Une « droitisation » qui vient de loin…

 


C’est toute une machinerie idéologique néo-réactionnaire qui se met en place, farcie de pseudo-concepts sans contenu, prénotions sans lendemain, fausses citations et vrais préjugés et assaisonnée de vocables censés effrayer des foules que l’on escompte crédules : indigénisme, racialisme, communautarisme, séparatisme, cancel-culture, wokisme, islamo-gauchisme… Des intellectuels comme François Dubet ou Elisabeth Roudinesco qu’il sera difficile de faire passer pour d’inquiétants gauchistes dénoncent l’un une « mise en scène maccarthyste visant à désigner les ennemis de l’intérieur » (le Monde, 12.01 2022), l’autre une « guerre à l’intelligence » (le Monde, 21.01.2022). Nul doute qu’ils vont être bientôt relégués dans la catégorie déshonorante des « idiots utiles » du terrorisme islamiste…

ACRIMED démonte les rouages de ce qu’il définit comme une « cabale médiatique bien rodée » (02.03.2021). Il apparaît que les vertueux pourfendeurs de l’islamo-gauchisme et de ses horreurs ne sont pas très regardants sur les preuves à apporter de « l’invasion » qu’ils annoncent . Pas la moindre enquête, ni référence ou donnée scientifiques, aucun article dans une revue à comité de lecture, c’est-à-dire un lieu où la validité scientifique d’une étude est certifié par les pairs. Par contre il faut subir une flopée de tribunes, communiqués, éditoriaux, interviews, commentaires se répondant et se recopiant, où les propos de tel un sont sont repris par tel autre comme démonstration définitive de la « menace », du « danger », de « la montée croissante », de « l’emprise grandissante » d’une « peste » qui « ronge », « gangrène », « infecte nos facs »… Valeurs actuelles reprend le Point qui se réfère à l’Express lequel cite Marianne qui s’en rapporte au Figaro… Sans parler des sites internet et des télévisions d’information continue bas de gamme comme CNews où l’on tourne en rond dans la même bouillie conceptuelle à coup de révélations bidonnées et d’indignations auto-entretenues…

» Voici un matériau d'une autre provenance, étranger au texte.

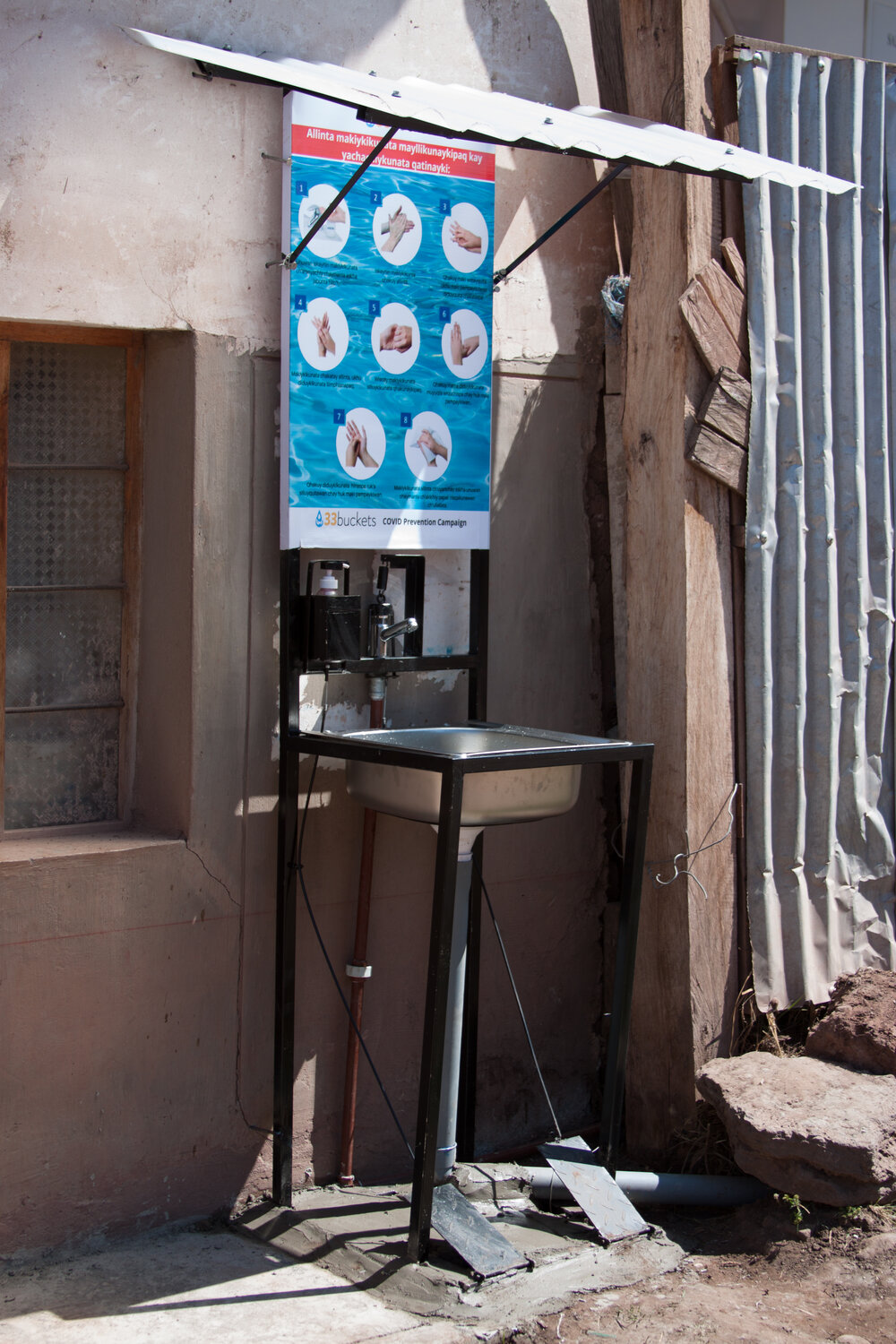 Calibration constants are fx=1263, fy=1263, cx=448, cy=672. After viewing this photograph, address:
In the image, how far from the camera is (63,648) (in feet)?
11.8

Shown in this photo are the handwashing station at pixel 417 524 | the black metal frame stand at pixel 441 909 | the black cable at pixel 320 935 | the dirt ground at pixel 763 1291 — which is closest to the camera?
the dirt ground at pixel 763 1291

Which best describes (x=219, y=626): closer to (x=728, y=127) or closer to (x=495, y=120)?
(x=495, y=120)

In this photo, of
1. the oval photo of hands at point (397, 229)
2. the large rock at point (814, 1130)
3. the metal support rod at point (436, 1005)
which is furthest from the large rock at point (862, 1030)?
the oval photo of hands at point (397, 229)

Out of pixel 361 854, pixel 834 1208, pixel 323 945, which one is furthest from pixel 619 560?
pixel 834 1208

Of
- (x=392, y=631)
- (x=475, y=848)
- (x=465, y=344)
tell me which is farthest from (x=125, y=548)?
(x=475, y=848)

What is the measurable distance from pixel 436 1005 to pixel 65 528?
1690mm

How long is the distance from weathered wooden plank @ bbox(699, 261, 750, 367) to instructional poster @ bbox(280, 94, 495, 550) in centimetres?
67

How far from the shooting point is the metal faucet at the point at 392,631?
364cm

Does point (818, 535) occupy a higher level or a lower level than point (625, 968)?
higher

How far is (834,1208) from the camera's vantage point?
3.46 meters

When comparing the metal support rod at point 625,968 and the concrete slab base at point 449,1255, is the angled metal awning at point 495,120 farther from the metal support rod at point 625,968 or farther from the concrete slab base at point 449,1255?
the concrete slab base at point 449,1255

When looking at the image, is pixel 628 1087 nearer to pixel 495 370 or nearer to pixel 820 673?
pixel 820 673

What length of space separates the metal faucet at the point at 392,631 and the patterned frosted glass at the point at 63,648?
2.53ft

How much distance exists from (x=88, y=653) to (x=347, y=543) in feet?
2.66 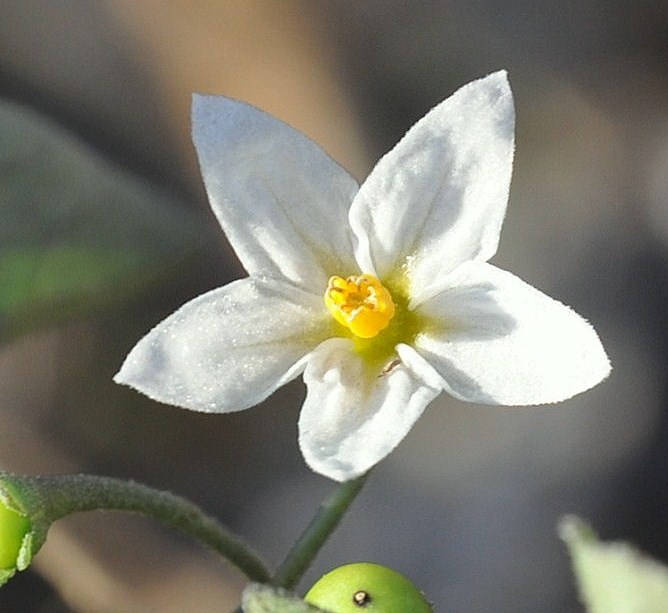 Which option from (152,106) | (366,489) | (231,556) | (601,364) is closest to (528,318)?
(601,364)

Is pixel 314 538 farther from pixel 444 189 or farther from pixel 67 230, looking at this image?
pixel 67 230

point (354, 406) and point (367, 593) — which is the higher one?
point (354, 406)

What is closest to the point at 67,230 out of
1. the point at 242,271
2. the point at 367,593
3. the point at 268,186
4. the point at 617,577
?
the point at 242,271

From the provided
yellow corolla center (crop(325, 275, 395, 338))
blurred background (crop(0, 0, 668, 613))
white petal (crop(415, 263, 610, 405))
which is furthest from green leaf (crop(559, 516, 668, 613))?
blurred background (crop(0, 0, 668, 613))

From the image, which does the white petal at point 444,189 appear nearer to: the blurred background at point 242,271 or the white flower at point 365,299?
the white flower at point 365,299

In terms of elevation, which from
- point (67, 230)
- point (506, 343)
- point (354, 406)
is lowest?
point (67, 230)
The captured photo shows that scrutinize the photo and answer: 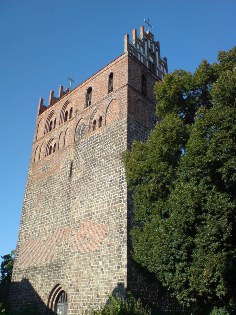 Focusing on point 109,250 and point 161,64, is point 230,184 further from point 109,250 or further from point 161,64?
point 161,64

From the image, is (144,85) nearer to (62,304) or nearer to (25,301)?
(62,304)

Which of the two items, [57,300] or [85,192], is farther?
[85,192]

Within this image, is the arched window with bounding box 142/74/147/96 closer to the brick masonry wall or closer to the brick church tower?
the brick church tower

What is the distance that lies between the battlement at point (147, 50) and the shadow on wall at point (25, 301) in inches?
568

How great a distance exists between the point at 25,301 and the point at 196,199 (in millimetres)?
12715

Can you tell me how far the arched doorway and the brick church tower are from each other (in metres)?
0.05

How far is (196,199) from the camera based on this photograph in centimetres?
998

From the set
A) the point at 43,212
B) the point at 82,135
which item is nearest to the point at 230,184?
the point at 82,135

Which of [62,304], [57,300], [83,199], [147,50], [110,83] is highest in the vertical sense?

C’est l’inévitable Taguieff qui dévoile tout le sens de l’affaire : une croisade contre la « gauche de gauche » qui serait « rageusement anti-occidentale » (on appréciera la finesse et l’objectivité de la part d’un idéologue qui se pique de science). C’est donc bien une machine de guerre visant à la disqualification de la gauche ou du moins de sa composante la plus conséquente avec ses valeurs (antiracisme, internationalisme, défense des opprimés, lutte contre toutes les discriminations…). Jusqu’à l’accusation ignominieuse d’une complicité avec les terroristes ! Taguieff, toujours lui, pseudo politologue mais authentique doctrinaire, s’attaquait déjà, en 2002, à ce qu’il désignait comme une « nouvelle configuration tiers-mondiste néo-communiste et néo-gauchiste » sous le nom de « mouvement anti-mondialisation ». Visiblement donc une nouvelle hydre à combattre. Finkielkraut de son côté feignait de s’alarmer de « l’union de gens issus de l’immigration (donc forcément islamistes, GLS) et d’intellectuels progressistes (appellation désormais honteuse et méprisée, GLS) ». Il s’agissait bien alors d’apeurer à bon compte le quidam moyen.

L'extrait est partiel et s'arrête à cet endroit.